Slow insert into table

I am using dbt-dremio to run an incremental model.

In the first phase, it creates a __dbt_tmp table.

It runs pretty quickly.


(Screenshot: Fast creation of __dbt_tmp)

After that, in the second phase, it selects * from the __dbt_tmp, and then insert into the target table.

The second phase, however, runs pretty slowly.


(Screenshot: Very slow insert from__dbt_tmp into target table)

Attached below is the job profile of the long-running insert.

e0ae6a1c-8dc2-4565-9881-e460d2e5c7ca.zip (20.0 KB)

Not too sure what the cause is.

@Ken Where is the data on table Minio.finance.l1.rollup_daily_hk_stock_shareholding_change__dbt_tmp stored? From the name it look like MinIO. All the time is spent on wait time for table_function 03-xx-02. Expand Operator Metrics and you will see NUM_CACHE_MISSES are matching with NUM_CACHE_HITS which also match with the total number of readers. Looks like a reporting issue that I will follow up. Total datafiles to be read are 30,162. Can you run select * from this table a few times (from JDBC as UI will truncate) and then try the CTAS?

Hi @balaji.ramaswamy

Thanks for following up.

I have this job running once every day at night.
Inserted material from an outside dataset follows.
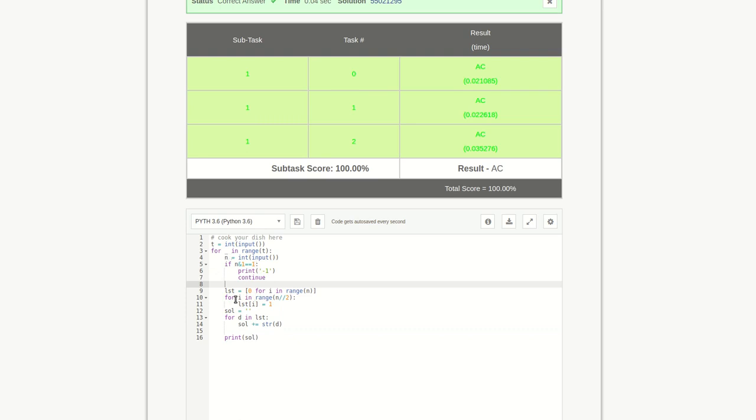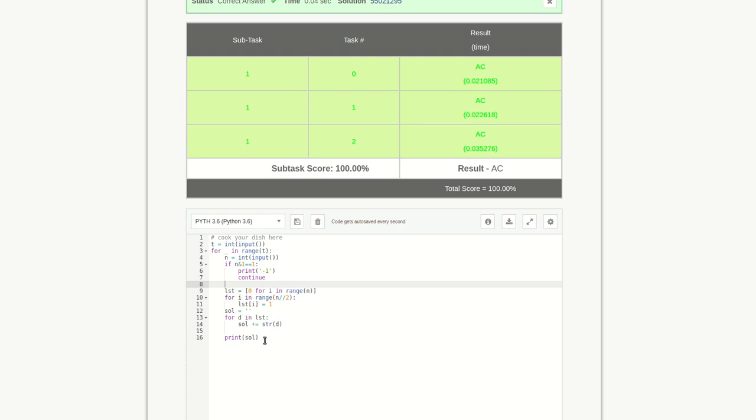If it's not an odd number, we make a list of all zeros. Then half we'll make one from there. Both ways we can create the list. This way we can form the list and create a solution string out of it and print it. You can see it is accepted.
Attached below is the log file in yesterday’s run.

c1e8234f-2eb5-4344-8a7f-a182f1705074.zip (22.9 KB)

It is still running 33 minutes for the simple insert.

=========

In fact, I see that the __dbt_tmp table (i.e. the source table) is created with a partition on sehk_code.

Actually, I just want the destination table with the partition.

I feel like the insert is slow because there’s too many partition in the source table.

Let me try to change/remove the partition and see how long it runs tonight

I changed the partition_by to another field called as_of_date and the (INSERT INTO xxxx select * from yyy) is now much faster.

I believe the problem was the partition I chose.

Yes, the problem was with over partitioning the source table. You had 30K parquet files with about 15 records per file. There’s too much overhead with opening and closing so many files for such a small dataset.

Were you able to get the incremental model to work successfully? I.e. was there an incremental filter present in the query that was used to materialize that dbt_tmp table?

Hi Benny,

Thanks for following up.

The issue was not with __dbt_tmp.

__dbt_tmp was created with lots of small partition and it caused problem in the second stage of selecting from __dbt_tmp into the final table.

But the issue was already resolved after I changed to another partition key for the incremental model.

I used date as the key, which is more appropriate, as I got new rows every day (and they all fall into the new day’s partition).

Thank you!